WHAT IS REQUIRED.
Pictures are to be excluded. Please print only the lines from the one containing "Rajasthan Tour" through the end of the data, exactly as they appear.

Extracted records.
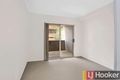 Property photo of 4/462-464 Guildford Road Guildford NSW 2161
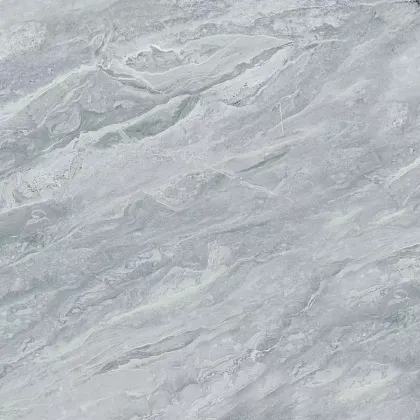 Фото Керамогранит Dako Е-5021/МR Rock тёмно-серый ректификат 600x600x9 Россия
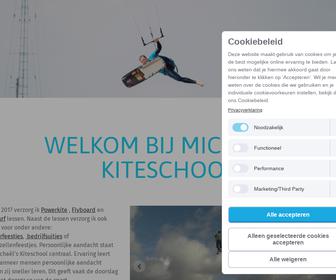 https://www.michaels-kiteschool.nl/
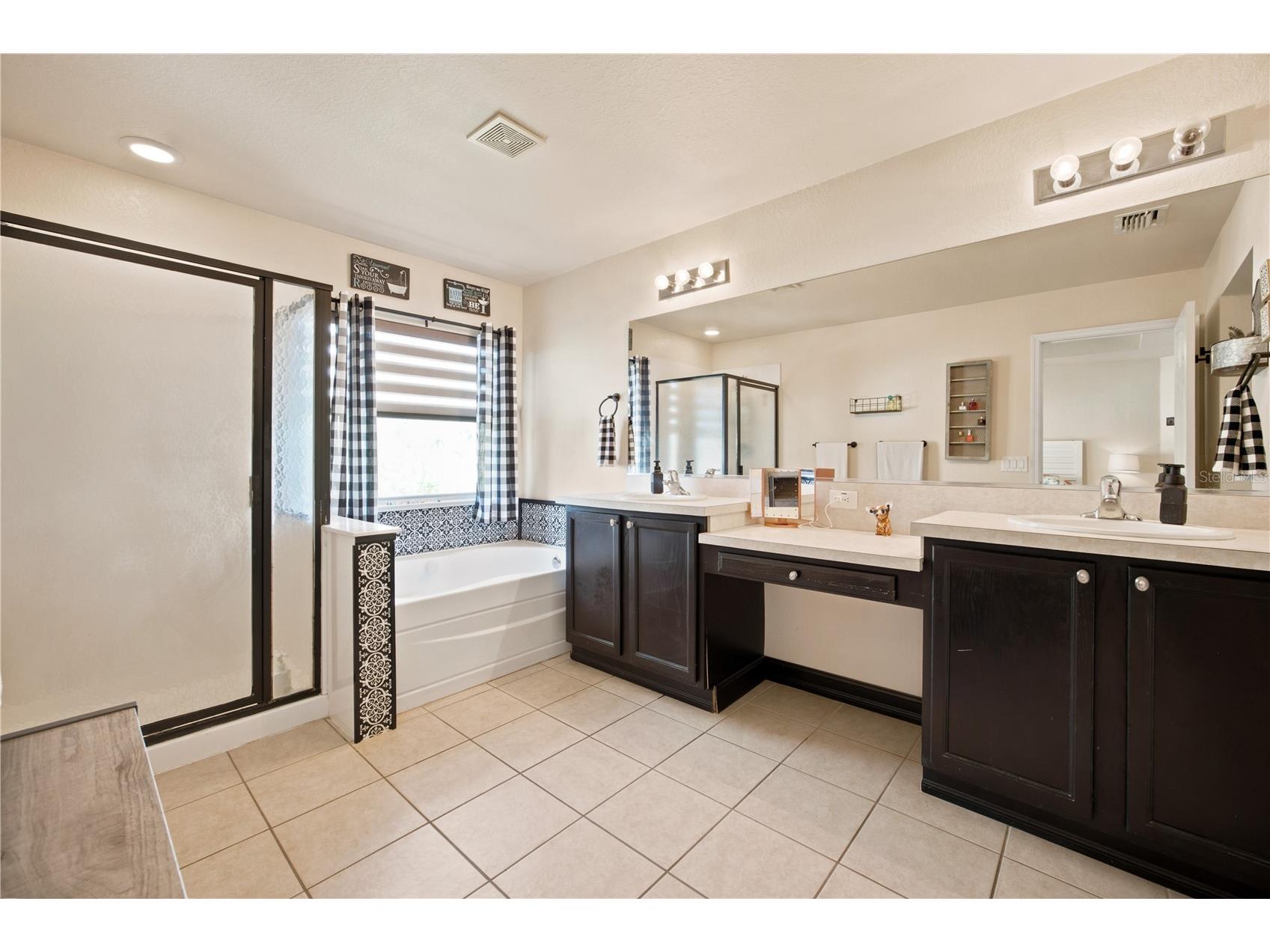 3970 SW 51st Terrace Ocala FL 34474 OM728078 image25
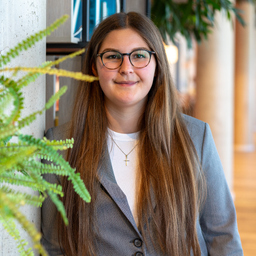 Julia Düppre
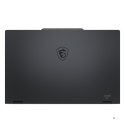 MSI Cyborg 15 B13WGKG-630XPL i7-13620H 15.6" FHD 144Hz IPS-Level 16GB DDR5 SSD1TB GeForce RTX 5070_8GB NoOS
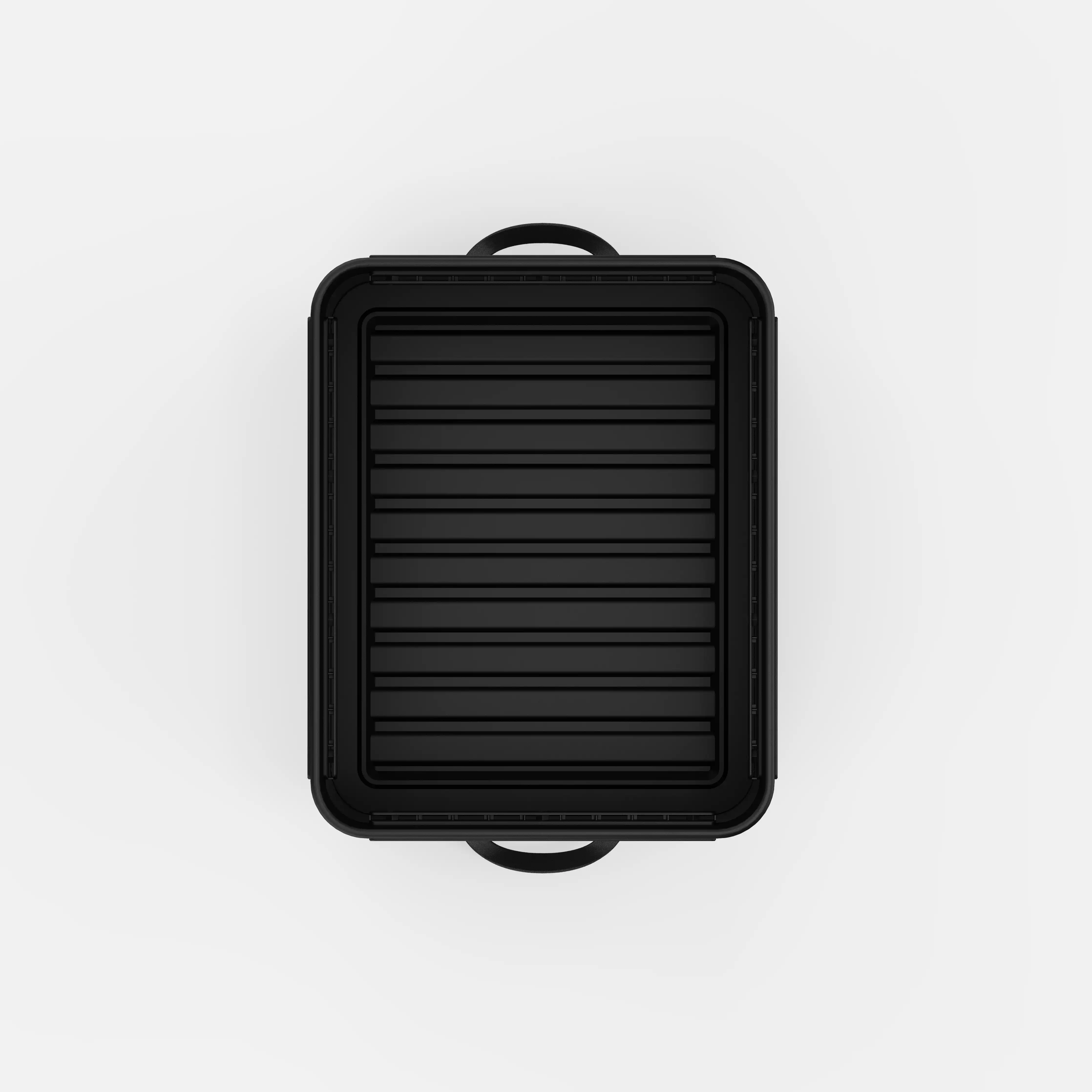 RUX 40L - Image 40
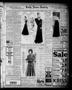 Thumbnail image of item number 3 in: 'Henderson Daily News (Henderson, Tex.), Vol. 8, No. 204, Ed. 1 Friday, November 11, 1938'.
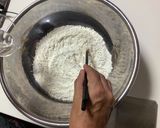 これは試して、失敗しない手打ちうどん作り方6写真
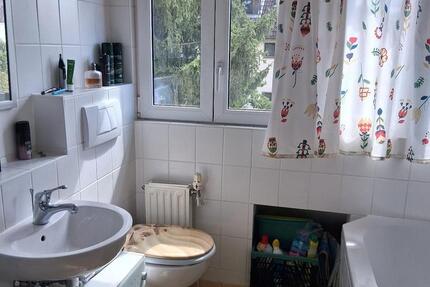 Wohnung Nürnberg Erlenstegen - 2.5 Zimmer, 61 m&sup2;, 465&euro; | Angebot:26602915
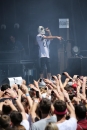 CRO-TagAmSee-Red-Bull-Romanshorn-07-06-2014-Bodensee-Community-SEECHAT_CH-_115.JPG
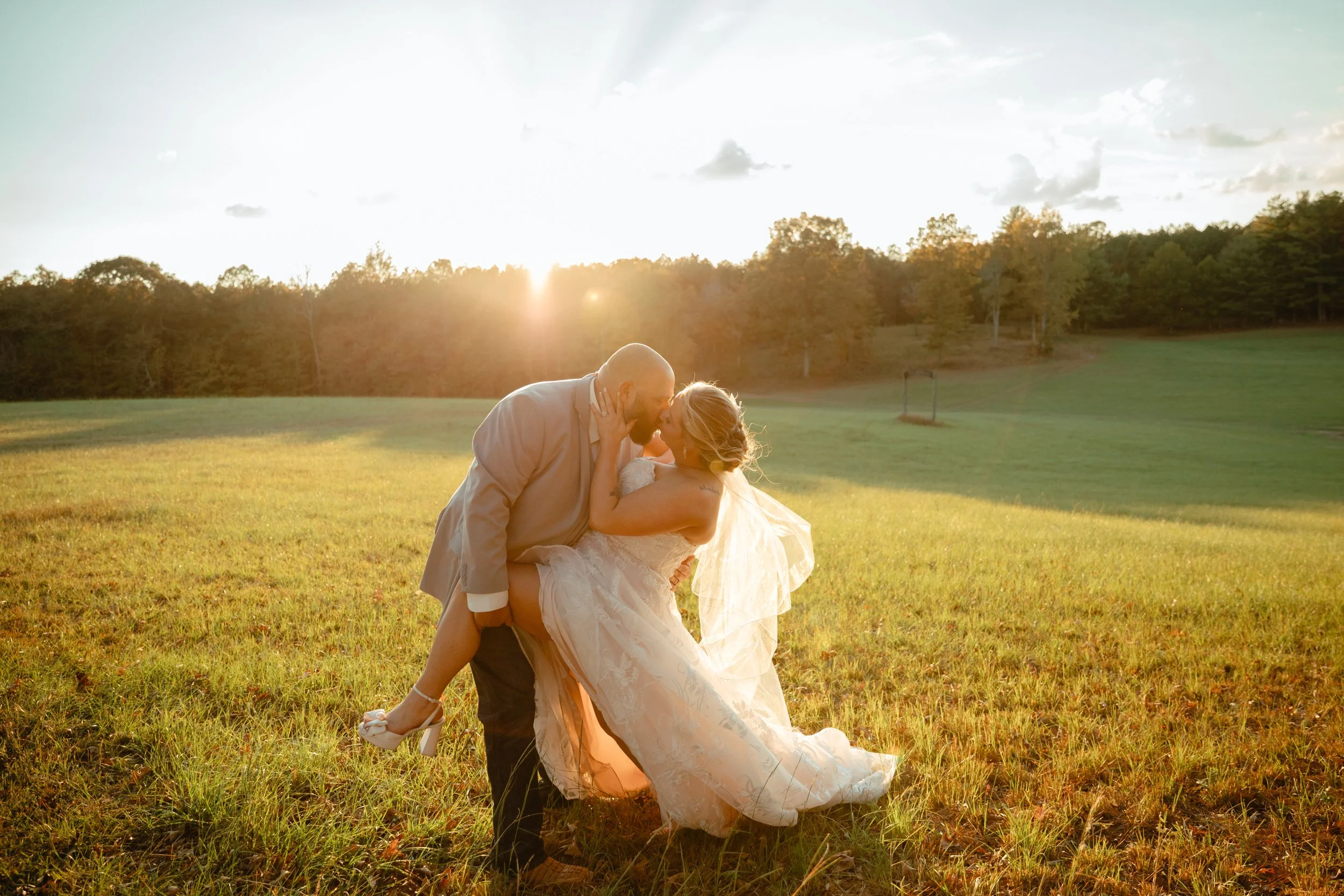 back-40-farm-jacksonville-alabama-wedding-photographer.jpg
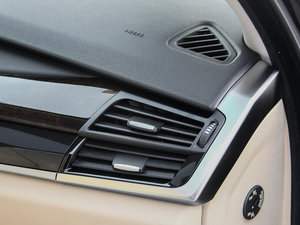 2014xDrive35i I(lng) п؅^(q)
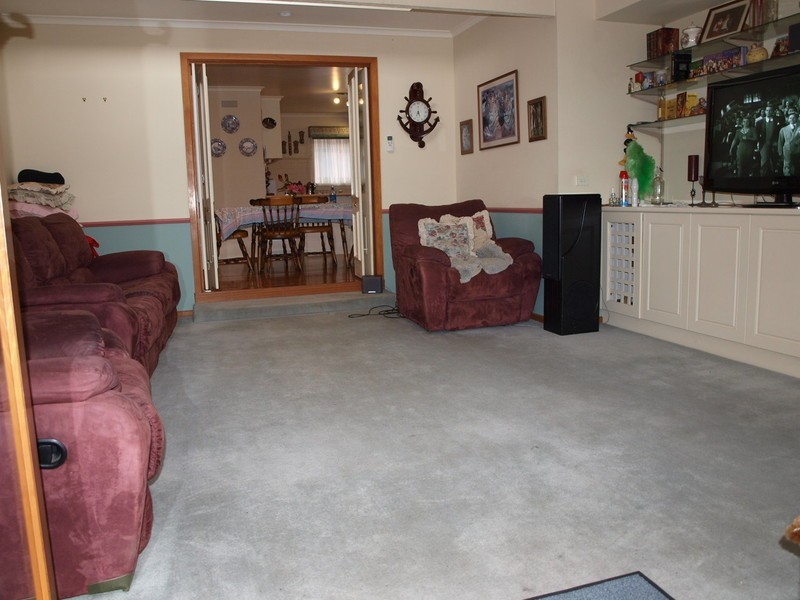 59 Edison Road, Bell Post Hill VIC 3215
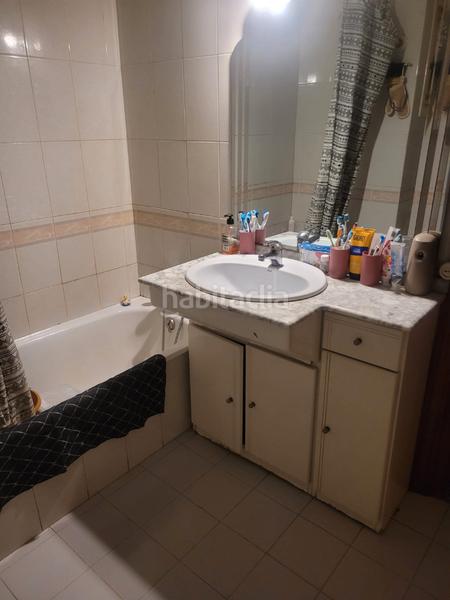 Foto 9dac553f-0fce-4971-be02-b7cb5e4d9139. Piso en carrer colmenar 29 se vende piso en gandia en Alzira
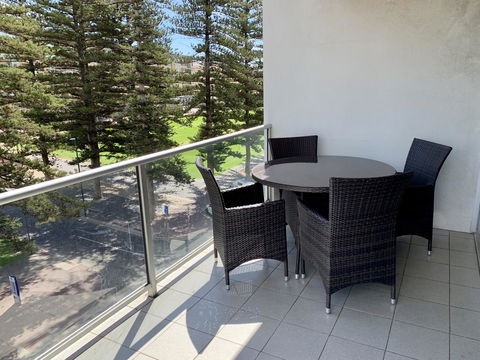 Ensenada Motor Inn And Suites - Tourism Hervey Bay 43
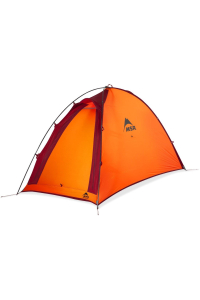 Tent advance pro 2 MSR Obrázok pre Tent advance pro 2 MSR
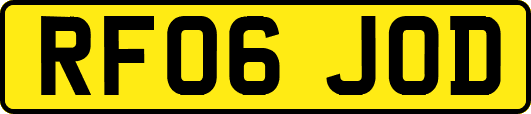 RF06JOD
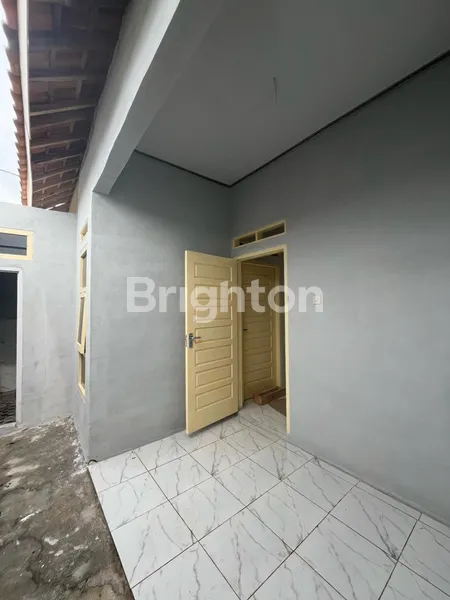 image PERUMAHAN GARUDA RESIDENCE SUBSIDI BERKUALITAS DEKAT BANDAR LAMPUNG (6)
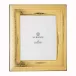 Vhf11 Gold Picture Frame 8 x 10 in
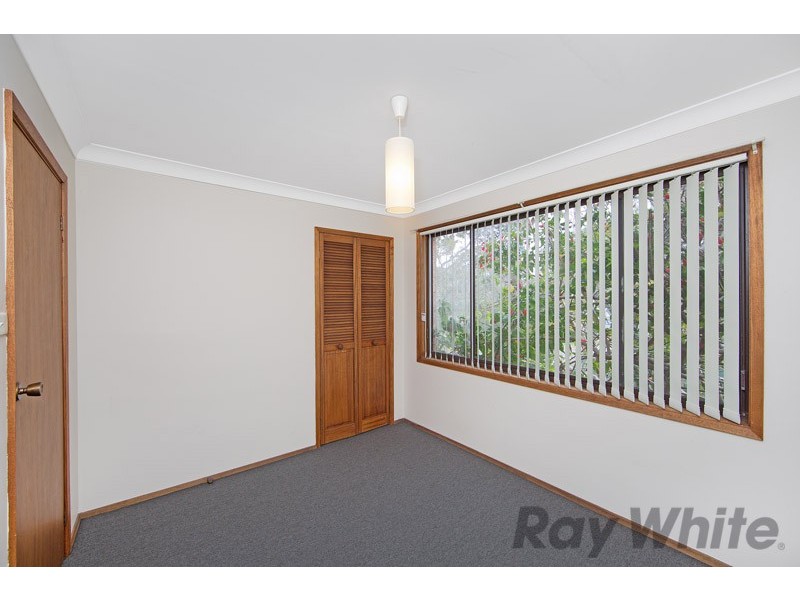 27 Liamena Avenue, San Remo NSW 2262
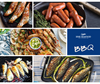 BBQ Set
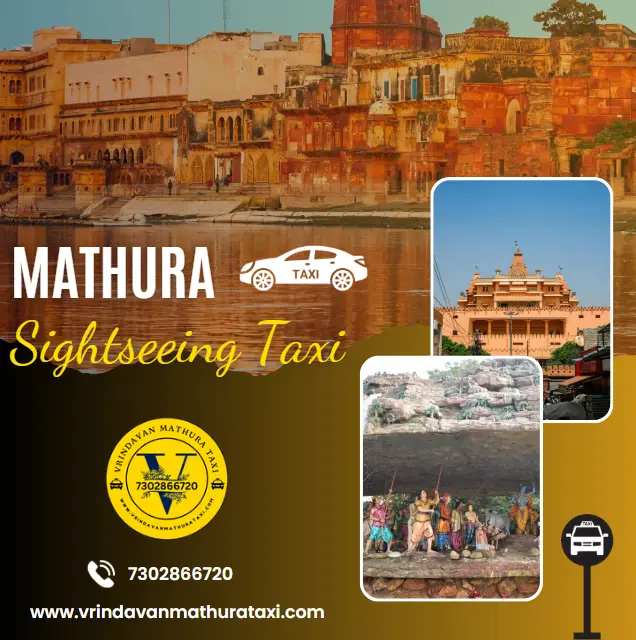 Rajasthan Tour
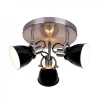 RLX94023-3B Спот Zumaline Pictor RLX94023-3B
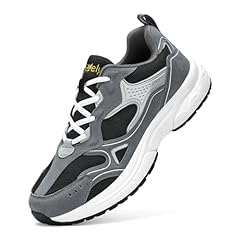Kricely walking shoes for sale  Delivered anywhere in USA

RESULT FOR THIS EXERCISE.
 Rajasthan Tour
 RLX94023-3B Спот Zumaline Pictor RLX94023-3B
Kricely walking shoes for sale  Delivered anywhere in USA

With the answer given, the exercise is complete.